Implementing a cloud disaster recovery solution: strategies and considerations
What should you consider before using the cloud for disaster recovery? Martin Welsh and Patricia Palacio provide some guidance.
Whatever the company size or industry, the truth is that your business can't afford downtime but traditional DR strategy investments have been difficult to justify. The majority of organizations attempt to protect only mission critical applications, leaving second-tier, but still valuable, systems vulnerable to extended outages. It's hard to justify improving your disaster recovery capabilities when you're under pressure to cut IT costs and when DR is seen as an expensive insurance policy.
The major challenges faced when planning your disaster recovery strategies are:
Cost: there has been a direct correlation between speed of recovery and cost - the faster you wanted to recover, the more it would cost you. But are cloud-based DR solutions a way to achieve the recovery capabilities of advanced DR services at a more affordable price? Leveraging the cloud for disaster recovery gives small and medium-sized business the same capabilities that larger companies have had for years, as well as offering all organizations a cost-saving solution that will meet business requirements while reducing the time, money, and resources expended.
Complexity: to accomplish strict recovery times with traditional disaster recovery, the DR site has to mirror the primary site. This means the server on the DR site has exactly the same hardware configuration, operating system, drivers, etc., as the physical server you are trying to recover at the production site. But with complex and ever-changing technologies and vendors, keeping the perfect sync between the two sites is difficult: which greatly increases the chances of DR failure. Is cloud-based DR the solution to enable removal of the differences between the primary and secondary site so you can be freed from the synchronization handcuffs?
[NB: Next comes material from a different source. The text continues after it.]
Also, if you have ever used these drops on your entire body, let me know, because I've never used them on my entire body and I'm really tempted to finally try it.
Difficult to manage: traditional disaster recovery recoveries procedures are manual and require keeping a run book that describes every recovery step. Creating and maintaining run books is labor intensive, plus executing the run book can take hours; and that’s only if everything goes well: all this is counterproductive as lost time means lost revenue. Cloud-based DR provides automated processes that help speed recovery and maintain accuracy. Some cloud-based DR vendors make the process of recovery as simple as dragging and dropping icons and having software perform the complex steps.
Difficult to scale: shared or dedicated disaster recovery sites provide little flexibility to respond to computing change demands; but cloud allows you to have environments that are ready to scale up at a moment’s notice. In a DR situation where your user base starts to use the environment more, cloud-based DR can scale up dynamically to meet this increased demand. After the event is over and usage decreases, the solution can scale back down to a minimum level of servers.
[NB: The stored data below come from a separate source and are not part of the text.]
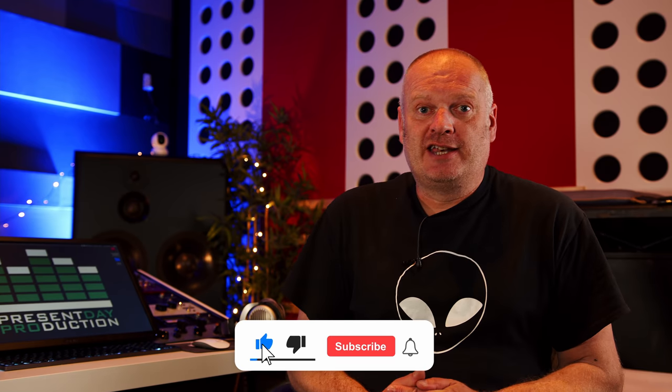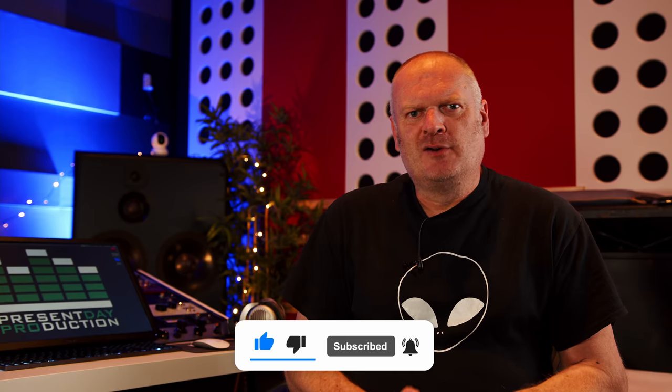If you want us to master your music, you can get 50% off using the promo code YouTube — the link is in the description below. If you're not sure your mixes are ready for mastering yet, send them through anyway. We'll have a listen and if they're not, we'll get you there. That's what we're about, and that's what this YouTube channel is about — getting the best out of your music. Please hit subscribe if you haven't already and don't forget to hit the bell to be notified of future videos.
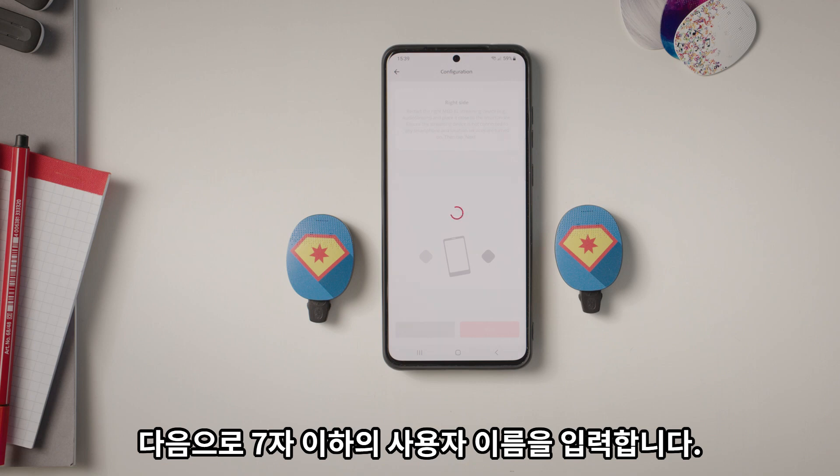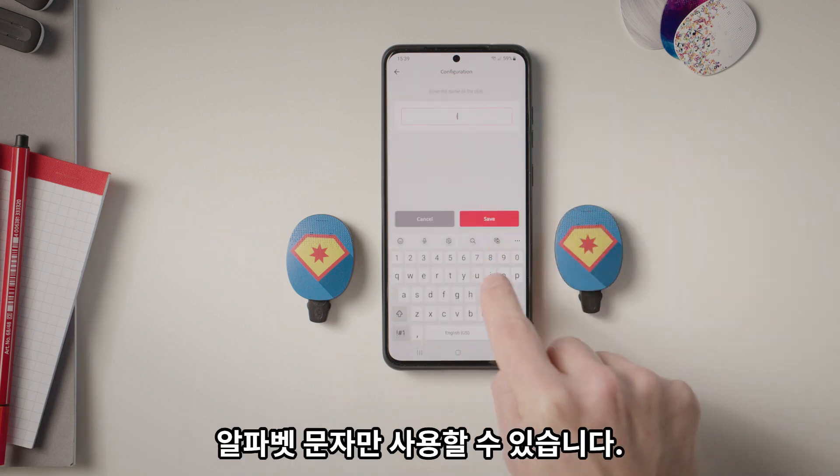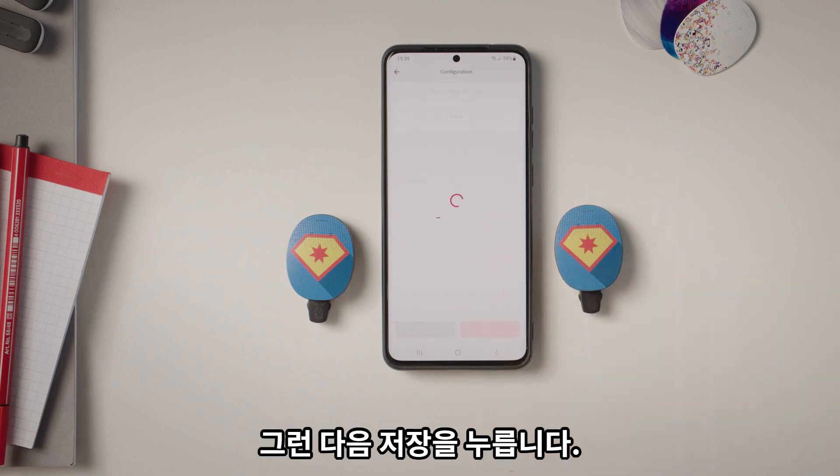Next, enter a username with seven or fewer letters. Only letters from the Latin alphabet can be used. Then tap Save.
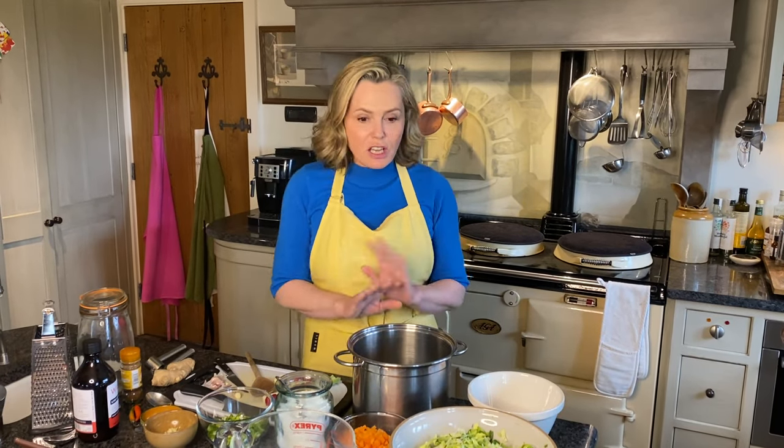I'm going to show you how to make my spring greens kimchi. It's so easy to make and I think every kitchen cupboard or fridge should have a jar.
DR needs to be easier to manage, less complex and simple to scale. Many of these positive factors are why companies take advantage of the cloud and virtualization.
This article will help you to understand whether cloud disaster recovery is right for your organization. There are a number of alternative strategies for implementing DR in the cloud and we will discuss the key elements to consider.
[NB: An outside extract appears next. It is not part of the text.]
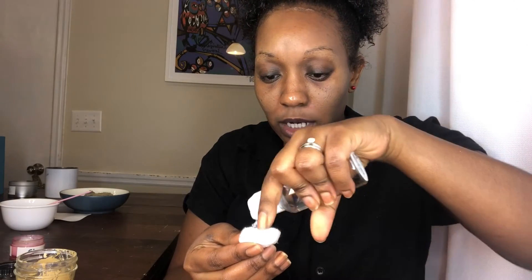Now I have some rose water toner. I'm just putting it on a little cotton ball and then we're going to just tone. It feels so good — it's nice and cooling. The rose water toner smells so good, it smells delicious, very moist. I'm going to get another cotton ball so I can go back over for some of that excess.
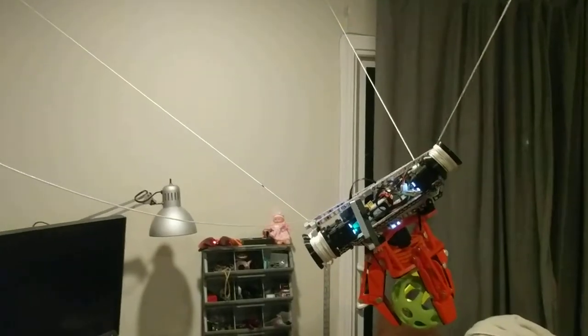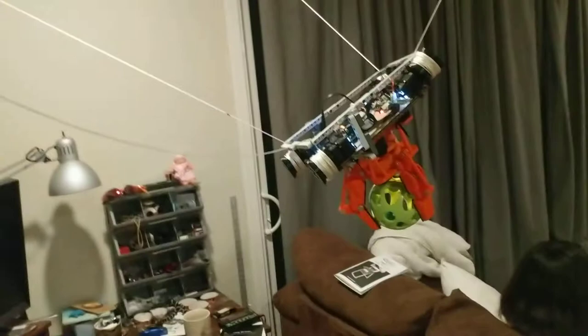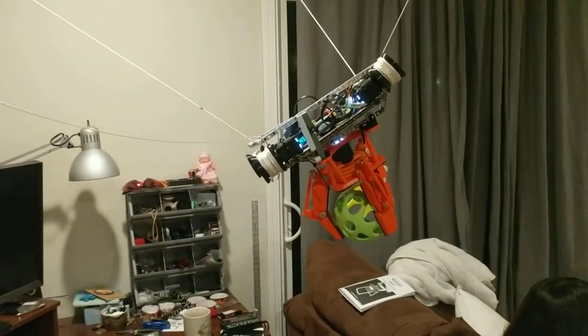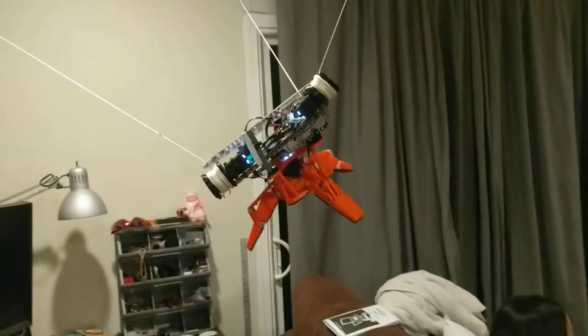The strings are a little out of whack — one of them is loose. They're supposed to all be taut. I haven't quite figured out what causes that. But anyway, let's just drop this ball on the floor. Open. Ta-da! Payload delivered!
What cloud model to choose?
Your ultimate goal is to build a cloud-based disaster recovery capability, but how to select the cloud model? What is the best cloud model for your organization? Public or private cloud? Or maybe a hybrid or community cloud approach fits best? There are some key factors that you need to consider before selecting the correct deployment model.
Technological diversity and price are not the only considerations when deciding on your cloud strategy, there are other important issues that an organization should also factor in: such as the kind of data they might be sending to the cloud, performance, security, compliance, service-level agreements, and availability.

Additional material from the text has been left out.